In this startling memoir the New York playwright, performer and feminist meticulously and graphically charts her journey through uterine cancer. She pulls no punches, but delivers hard knocks in plain language.
And she does it at a breakneck pace. Within the first six pages we learn about her alienation from her own body because of a remote mother and an abusive father, her attempts -- through substances and sex -- to connect with her body.
She describes her fascination with women's bodies that spawned her most celebrated work, The Vagina Monologues. This fascination led her to a group of women in the Congo who had been raped by the agents of armed conflict in a war over control of precious minerals buried deep in the earth.
She then deftly weaves a connection between these rapes and the plundering of the land's resources, between her own disconnection from her body and her disconnection from the earth.
All of this occurs before page seven, where she introduces "Cancer."
Cancer becomes her agent of change, it forces her to finally connect with her own body.
Within this illness she sees not only her own condition, but the cancer of a world that equates uncontrolled growth with prosperity, that values progress at any price.
The book takes us from diagnosis to cure and finally to a call to arms. Ensler's activism is never far below the surface -- even in the throes of her disease, she makes daily contact with Mama C, her colleague in the Congo, to check up on the progress of their work together.

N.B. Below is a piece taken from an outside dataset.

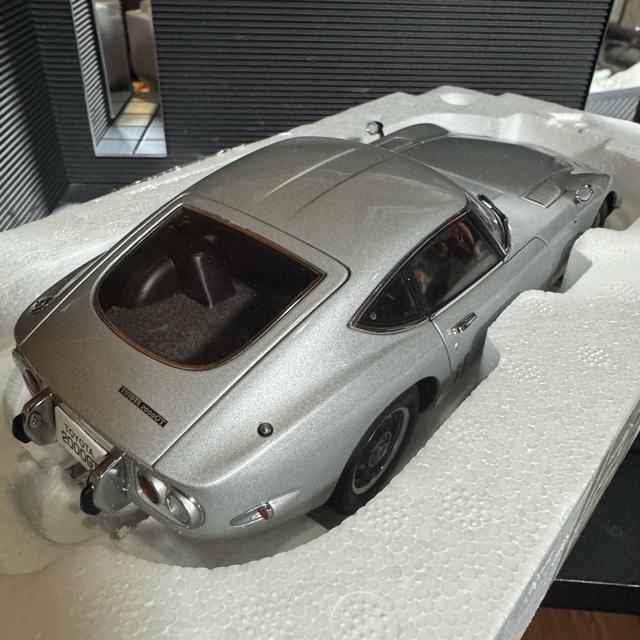 絶版未展示品 オートアート 1/18 トヨタ 2000 GT クーペ シルバー < ホビー  絶版未展示品 オートアート 1/18 トヨタ 2000 GT クーペ シルバー < ホビーの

In a bitter twist, the effects of Ensler's uterine cancer are much the same as the effects of brutal rapes of the Congolese women she had been working with. Her cancer gives her the chance to understand viscerally what these women are coping with physically (if not emotionally).
In the Body of the World is brimming with grace. Never lapsing into blame or self-pity, Ensler instead provides a model for coping with catastrophic illness. Painfully aware of her privilege owing to her work in the Congo, Ensler is grateful to the point of apologetic for the care she receives.
The book, while presenting difficult material, is remarkably easy to read. Ensler has broken down the text into short chapters, creating easily manageable bits out of what would otherwise be a daunting enterprise.
Her writing has the easy, familiar feel of a journal, yet it's highly sophisticated in its imagery and metaphors. She presents honest and astute observation in clear and unadorned language.
She is courageous in her candour, not only in describing the processes of her own body, but in welcoming the reader into her most intimate relationships.
With nothing augmented and nothing denied, Ensler has once again created a work of genuine resonance that speaks to us all.
Debbie Patterson is a Winnipeg playwright and performer.